Your notes at the end of the book are a reminder of how much Hobo’s Daughter is about history.  How do you manage to keep the feeling of reading it consistently “private” and “personal,” all the while keeping the narrative open onto something “public” and “political”?

KN: My grandfather’s and father’s generation, and my own, exemplify the ongoing gathering of wealth into the hands of a few, where there is a huge wealth grab with each depression/recession.  So the “ideal of justice” you mentioned, particularly economic justice, is not real.  My book covers, roughly, the historical period of the 1920s to 2010.  Like my grandparents, who lost the homestead in the Great Depression, I lost my house and much of my life savings in the Great Recession.  So what happens historically and politically has so much impact on our personal lives!  In that sense, the personal narrative couldn’t help but open onto the political.

It seems the Nolan family’s lived lives are driven by Foucault’s concept of “politics,” in the sense that we lived in a society that “prohibits and permits,” where what occurred in politics was “crucial to our existence.”  Foucault said that politics was the “most crucial subject to our existence…[it is] the society in which we live, the economic relations within which it functions…and [the] system of power which defines permissions and prohibitions related to our conduct.” The economic relations, in particular, affected our family rather dramatically.  My father experienced economic injustice, loss of liberty, and state-sanctioned police violence.  The society in which I grew up, a fundamentalist Christian one, provided multiple sexual, and other, prohibitions — many of them were legislated — which has some bearing on my struggle with my religious roots.

In Thich Nhat Hanh’s Going Home, Jesus and Buddha As Brothers, he states that our spiritual roots are important. What he means, I think, is that even if someone decides to reject Christianity, if that is their spiritual beginnings they still need to somehow acknowledge, perhaps even respect, those roots.  Would you comment on that?  What are we missing by not looking more deeply into these ancient texts, as you have done?

HLH: That insight from Thich Nhat Hanh connects for me to a couple of current involvements.  I’m teaching a course this semester on ignorance and disinformation, and one recognition that runs through the literature related to “manufactured ignorance” is that we don’t start as blank slates that we then fill up with knowledge.  Instead, we arrive at mature, reflective consciousness within “epistemic communities.”  Taking Thich Nhat Hanh’s advice, it would be wise for me to acknowledge that my roots are in an epistemic community that places high value in practice on the four canonical Gospels, and in principle on the gospel.

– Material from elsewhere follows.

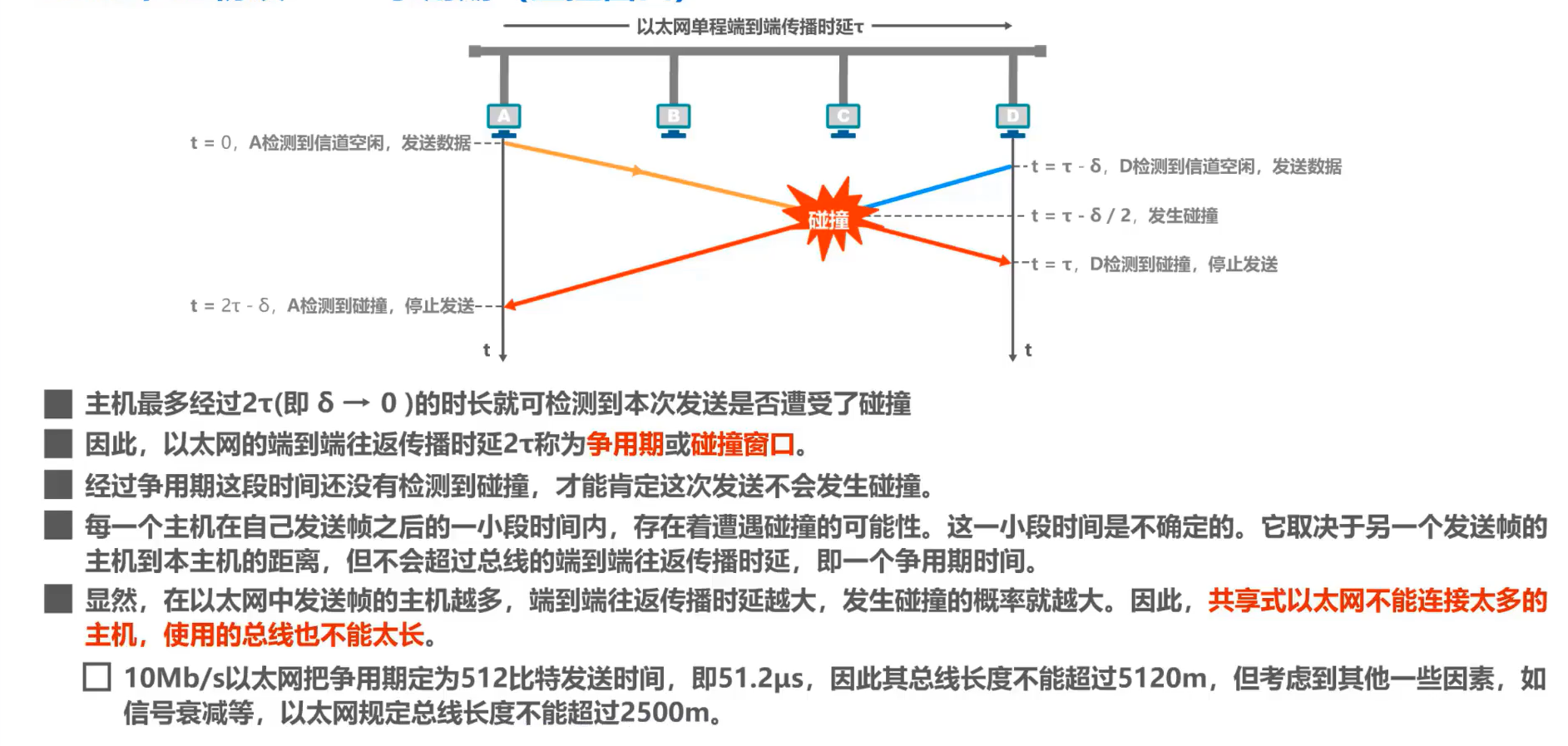 [ͼƬתʧ,Դվз,齫ͼƬֱϴ(img-fDIvAavn-1638526108515)(（·）.assets/image-20201013223235305.png)]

Also, I’m writing a book about the novelist George Eliot.  The standard narrative about her life is that she rejected the Christianity of her youth, but I’m trying to show that it’s more accurate to describe her as revising the religion of her youth, not replacing it.  Revising one’s “roots” can be deeply respectful, a substantive commitment rather than nominal loyalty.

KN: I’m intrigued by the idea of revising the religion of our youth. And how that could contribute to a more aware “mature, reflective consciousness,” to change us in ways that would free us from certain prohibitions.

HLH:  There’s a subtle way in which Confessions of a Hobo’s Daughter records such a change of self.  It’s not until I’m well along in my reading that it finally “clicks” for me that Katie, too, is a character: that the time lag between the experiences narrated here and the narrating of them, the writer has changed and is looking back on the person she was at the time(s) of the events. As soon as I become conscious of it, it seems really important to me, but is it important to you as the writer?

KN: I do hope Katie has changed!  I was reluctant to have my son read the book and found myself insisting that I’m not the same person now and he should skip over the “Katie” parts and just read the “Bud” parts (Bud being my hobo father and his maternal grandfather).

During the process of writing, I didn’t really come to grips with the fact that people would see what I wrote — somehow I put that aside until now, when some part of me actually fears that people will read Hobo’s Daughter and realize Katie is me, or at least some past version of myself.  Well, I do want people to read it but I feel rather vulnerable in having “bared my soul,” as one of my readers put it.  For my sample paper required to enter graduate school in philosophy, I wrote a phenomenological ontology of shame.  That was long before I wrote my memoir, but maybe a sense of shame is a preoccupation of mine!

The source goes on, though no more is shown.